<<<<

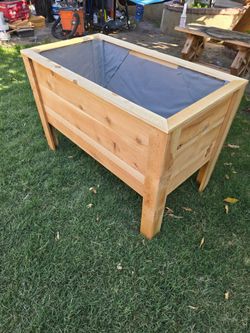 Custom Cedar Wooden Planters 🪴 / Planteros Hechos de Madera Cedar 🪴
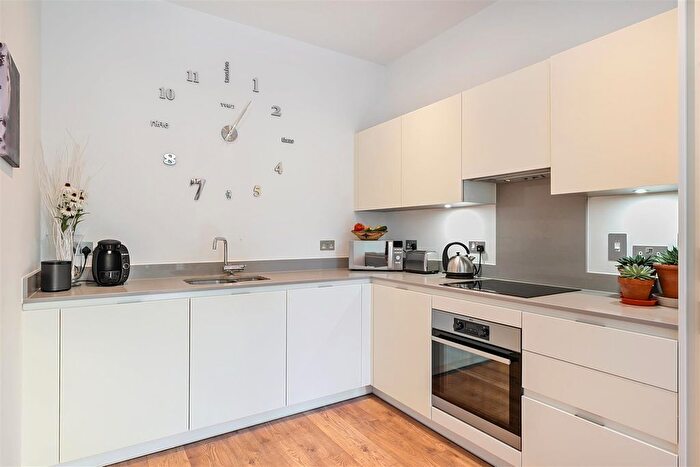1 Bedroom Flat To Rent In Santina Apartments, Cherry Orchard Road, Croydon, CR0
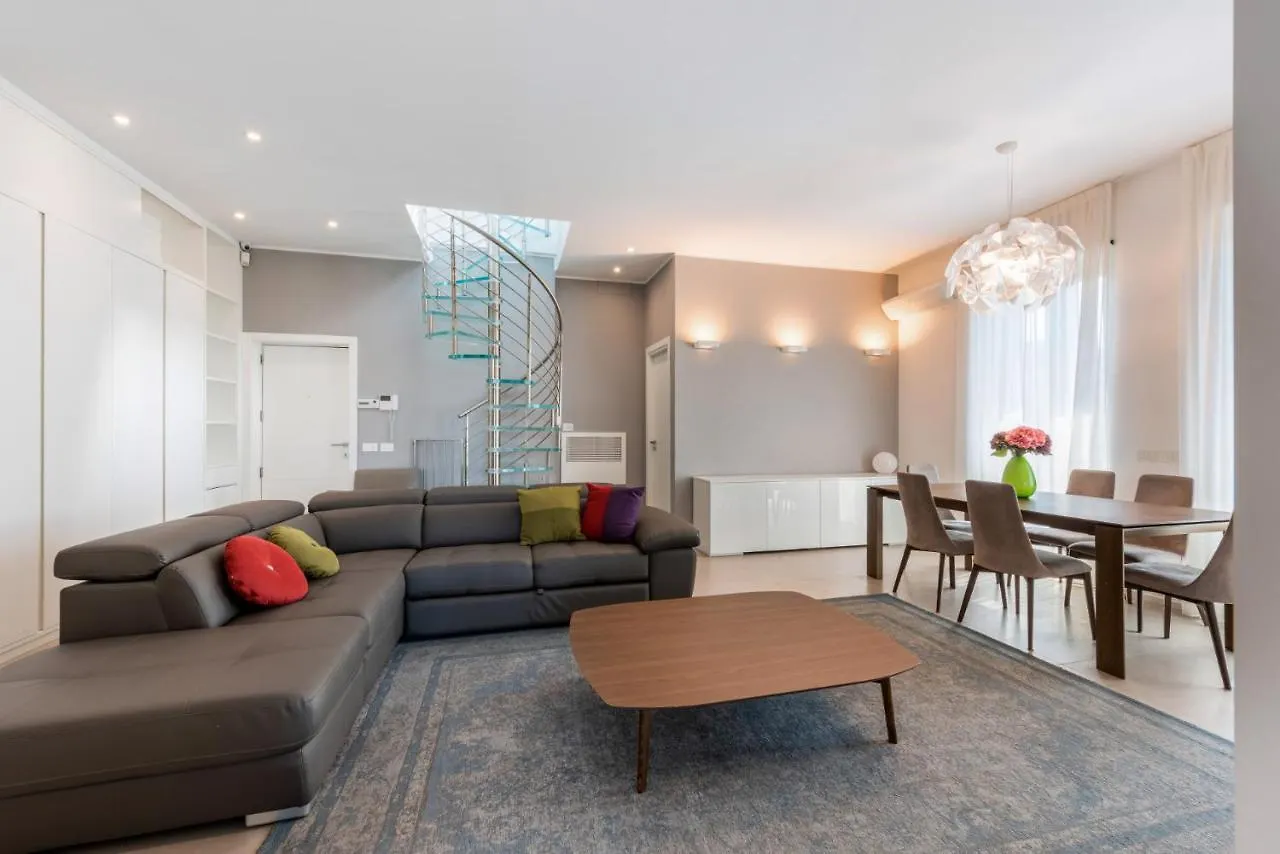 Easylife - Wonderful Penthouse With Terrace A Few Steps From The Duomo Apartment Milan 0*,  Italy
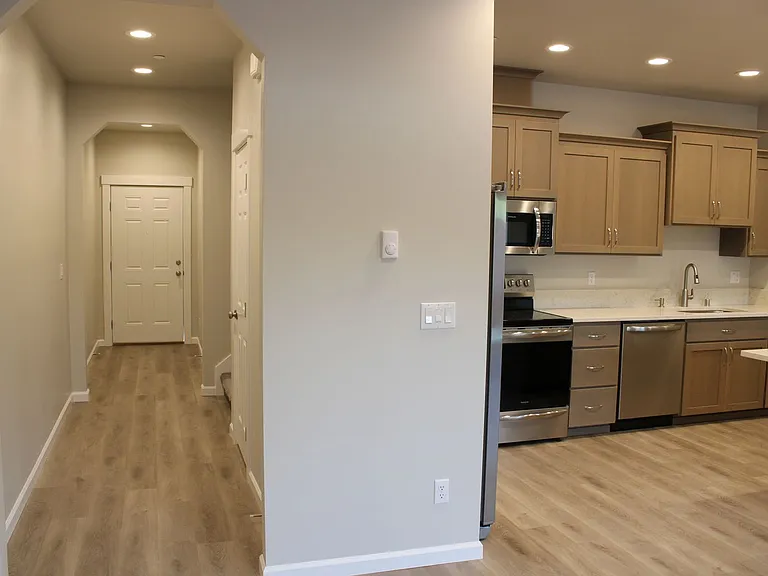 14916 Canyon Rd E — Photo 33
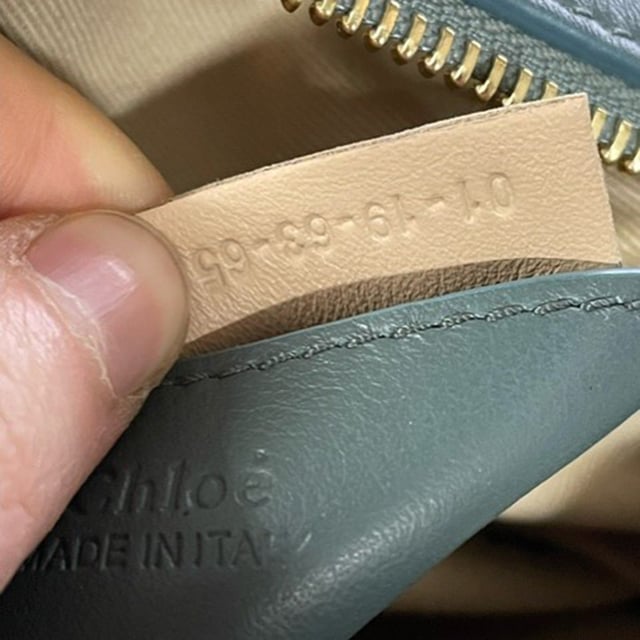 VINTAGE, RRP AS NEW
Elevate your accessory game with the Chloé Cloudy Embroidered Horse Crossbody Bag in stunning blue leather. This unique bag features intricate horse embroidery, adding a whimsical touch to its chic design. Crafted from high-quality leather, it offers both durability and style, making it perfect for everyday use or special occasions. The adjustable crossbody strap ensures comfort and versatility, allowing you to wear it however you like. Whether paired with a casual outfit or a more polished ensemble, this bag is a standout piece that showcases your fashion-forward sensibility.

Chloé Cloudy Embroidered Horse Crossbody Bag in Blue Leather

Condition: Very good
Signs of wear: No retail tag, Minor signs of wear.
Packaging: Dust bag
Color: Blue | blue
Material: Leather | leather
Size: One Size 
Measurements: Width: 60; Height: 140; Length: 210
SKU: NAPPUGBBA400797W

>>>>

*Work item*:
Could you print the data exactly as it appears and keep the pictures out?

*Exercise result*:
 Custom Cedar Wooden Planters 🪴 / Planteros Hechos de Madera Cedar 🪴
1 Bedroom Flat To Rent In Santina Apartments, Cherry Orchard Road, Croydon, CR0
 Easylife - Wonderful Penthouse With Terrace A Few Steps From The Duomo Apartment Milan 0*,  Italy
 14916 Canyon Rd E — Photo 33
 VINTAGE, RRP AS NEW
Elevate your accessory game with the Chloé Cloudy Embroidered Horse Crossbody Bag in stunning blue leather. This unique bag features intricate horse embroidery, adding a whimsical touch to its chic design. Crafted from high-quality leather, it offers both durability and style, making it perfect for everyday use or special occasions. The adjustable crossbody strap ensures comfort and versatility, allowing you to wear it however you like. Whether paired with a casual outfit or a more polished ensemble, this bag is a standout piece that showcases your fashion-forward sensibility.

Chloé Cloudy Embroidered Horse Crossbody Bag in Blue Leather

Condition: Very good
Signs of wear: No retail tag, Minor signs of wear.
Packaging: Dust bag
Color: Blue | blue
Material: Leather | leather
Size: One Size 
Measurements: Width: 60; Height: 140; Length: 210
SKU: NAPPUGBBA400797W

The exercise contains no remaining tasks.